2 260 Content 2 Content 2 desc 75 black etc..
3 260 Content 3 Content 3 desc 32 blue etc..
etc...
Then with php i make like that
select * from package
while not EOF {
show package name, date etc..
select * from package_content where package_content.package_id = package.id and package.id = package_id
while not EOF{
show package_content name, desc, price, color etc...
}
}
Would it be faster? Definitely not. If you needed to search by Name or Phone or etc... you'd have to pull those values out of Column1 every time. You'd never be able to optimize those queries, ever.
If you want to make the table smaller it's best to look at splitting some columns off into another table. If you'd like to pursue that option, post the entire structure. But note that the number of columns doesn't affect speed that much. I mean it can, but it's way down on the list of things that will slow you down.
Finally, 3,000 rows per day is about 1 million rows per year. If the database is tolerably well designed, MySQL can handle this easily.

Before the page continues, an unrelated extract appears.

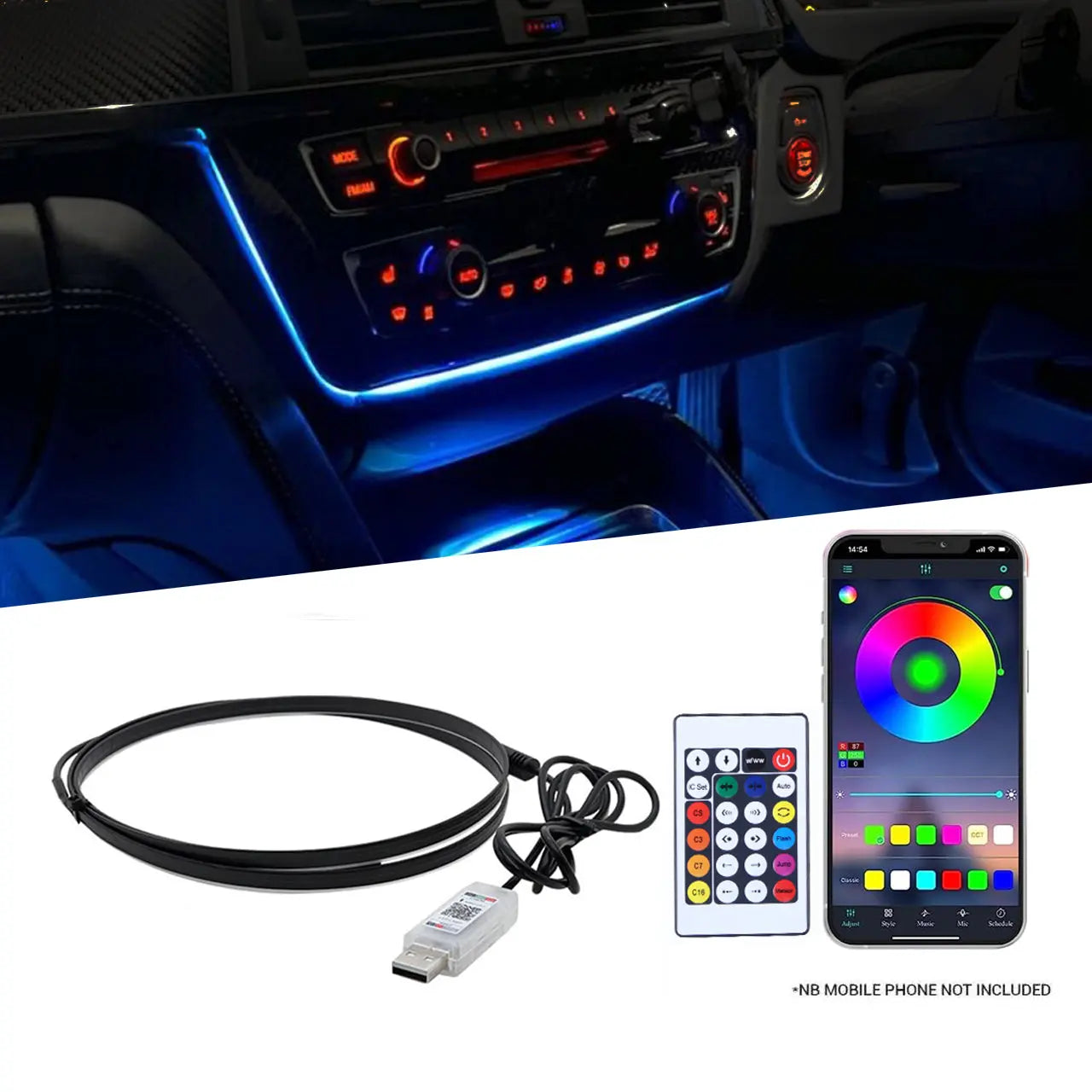 Universal USB Powered Car Interior RGB Ambient Lighting Kit - App Controlled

Addendum: partial table structures plus sample query and pseudocode added to question.
The pseudocode shows the package table being queried all at once, then matching package_content rows being queried one at a time. This is a very slow way to go about things; better to use a JOIN:
SELECT
package.id,
user_id,
package_name,
date,
package_content.*
FROM package
INNER JOIN package_content on package.id = package_content.id
WHERE whatever
ORDER BY whatever
That will speed things up right away.
If you're displaying on a web page, be sure to limit results with a WHERE clause - nobody will want to see 1,000 or 3,000 or 1,000,000 packages on a single web page :)
Finally, as I mentioned before, the number of columns isn't a huge worry for query optimization, but...
Having a really wide result row means more data has to go across the wire from MySQL to PHP, and
It isn't likely you'll be able to display 30+ columns of information on a web page without it looking terrible, especially if you're reading lots of rows.
With that in mind, you'll be better of picking specific package_content columns in your query instead of picking them all with a SELECT *.
Don't combine any columns, this is no use and might even be slower in the end.
You should use indexes on a column where you query at. I do have a website with about 30 columns where atm are around 600.000 results. If you use EXPLAIN before a query, you should see if it uses any indexes. If you got a JOIN with 2 values and a WHERE at the same table. You should make a combined index with the 3 columns, in order from JOIN -> WHERE. If you join on the same table, you should see this as a seperate index.
For example:
SELECT p.name, p.id, c.name, c2.name
FROM product p
JOIN category c ON p.cat_id=c.id
JOIN category c2 ON c.parent_id=c2.id AND name='Niels'
WHERE p.filterX='blaat'
You should have an combined index at category
parent_id,name
AND
id (probably the AI)
A index on product
cat_id
filterX
With this easy solution you can optimize queries from NOT DOABLE to 0.10 seconds, or even faster.
If you use MySQL 5.6 you should step over to INNODB because MySQL is better with optimizing JOINS and sub queries. Also MySQL will try to run them into MEMORY which will make it a lot faster aswel. Please keep in mind that backupping INNODB tables might need some extra attention.
You might also think about making MEMORY tables for super fast querieing (you do still need indexes).
You can also optimize by making integers size 4 (4 bytes, not 11 characters). And not always using VARCHAR 255.